Of the lines listed below, return exactly those that run from the line containing "Seleo desembarcou em" through the line containing "Skoda Octavia Saloon, Diesel, 2019, Grey", both included.

### RECORDS TO USE
.....
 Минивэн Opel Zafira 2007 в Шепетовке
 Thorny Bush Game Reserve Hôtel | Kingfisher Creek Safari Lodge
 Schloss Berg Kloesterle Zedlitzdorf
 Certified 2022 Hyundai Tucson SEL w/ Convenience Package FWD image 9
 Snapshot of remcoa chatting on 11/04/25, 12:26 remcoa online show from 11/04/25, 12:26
.....
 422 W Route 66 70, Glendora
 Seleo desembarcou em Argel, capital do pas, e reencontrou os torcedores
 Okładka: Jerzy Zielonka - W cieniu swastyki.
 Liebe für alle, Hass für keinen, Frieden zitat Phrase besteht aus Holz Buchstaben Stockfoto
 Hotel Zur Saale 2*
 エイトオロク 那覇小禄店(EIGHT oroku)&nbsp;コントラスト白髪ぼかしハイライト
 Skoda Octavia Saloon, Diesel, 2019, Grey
.....
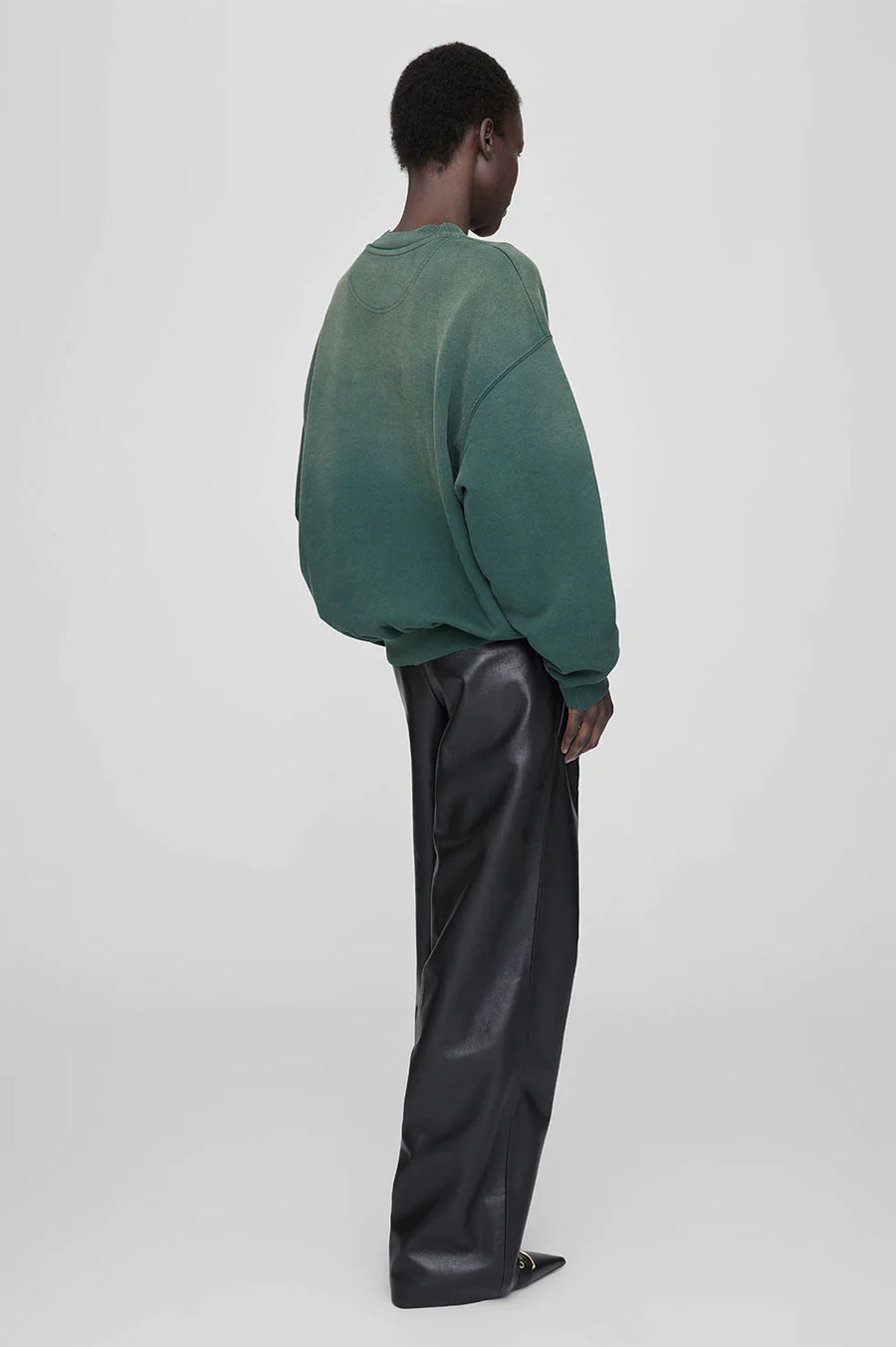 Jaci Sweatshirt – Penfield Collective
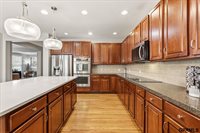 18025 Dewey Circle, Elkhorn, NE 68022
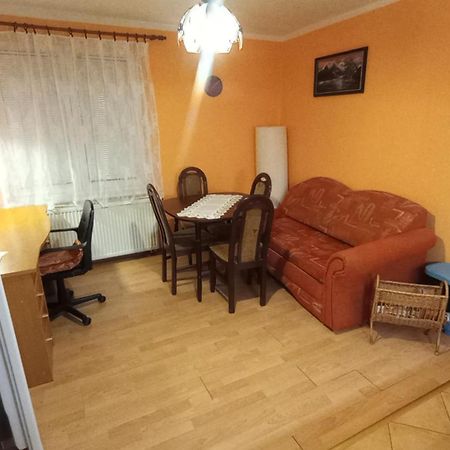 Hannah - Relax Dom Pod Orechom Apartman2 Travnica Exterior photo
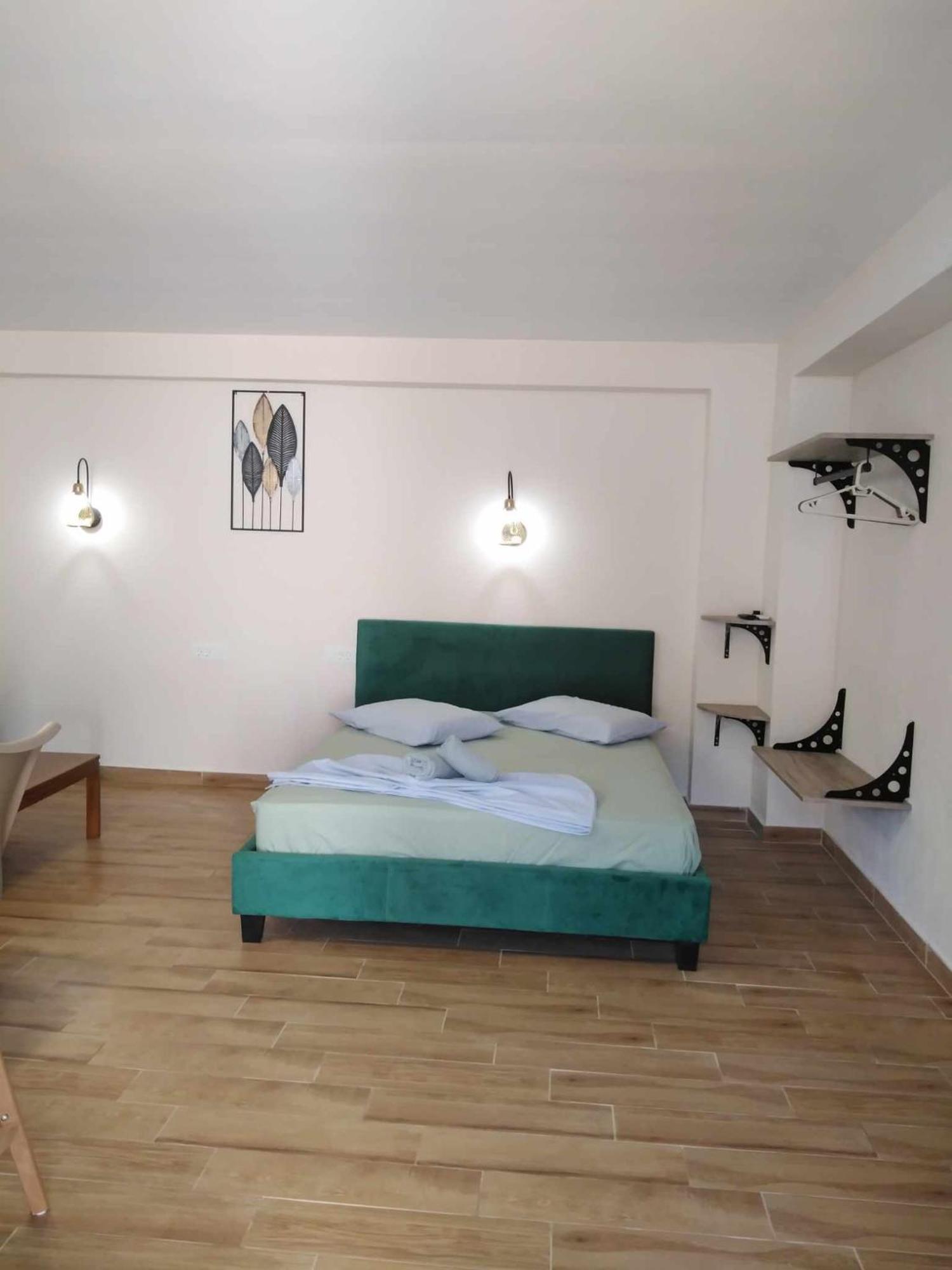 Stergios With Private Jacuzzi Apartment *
.....
### EXERCISE OUTPUT
 Seleo desembarcou em Argel, capital do pas, e reencontrou os torcedores
 Okładka: Jerzy Zielonka - W cieniu swastyki.
 Liebe für alle, Hass für keinen, Frieden zitat Phrase besteht aus Holz Buchstaben Stockfoto
 Hotel Zur Saale 2*
 エイトオロク 那覇小禄店(EIGHT oroku)&nbsp;コントラスト白髪ぼかしハイライト
 Skoda Octavia Saloon, Diesel, 2019, Grey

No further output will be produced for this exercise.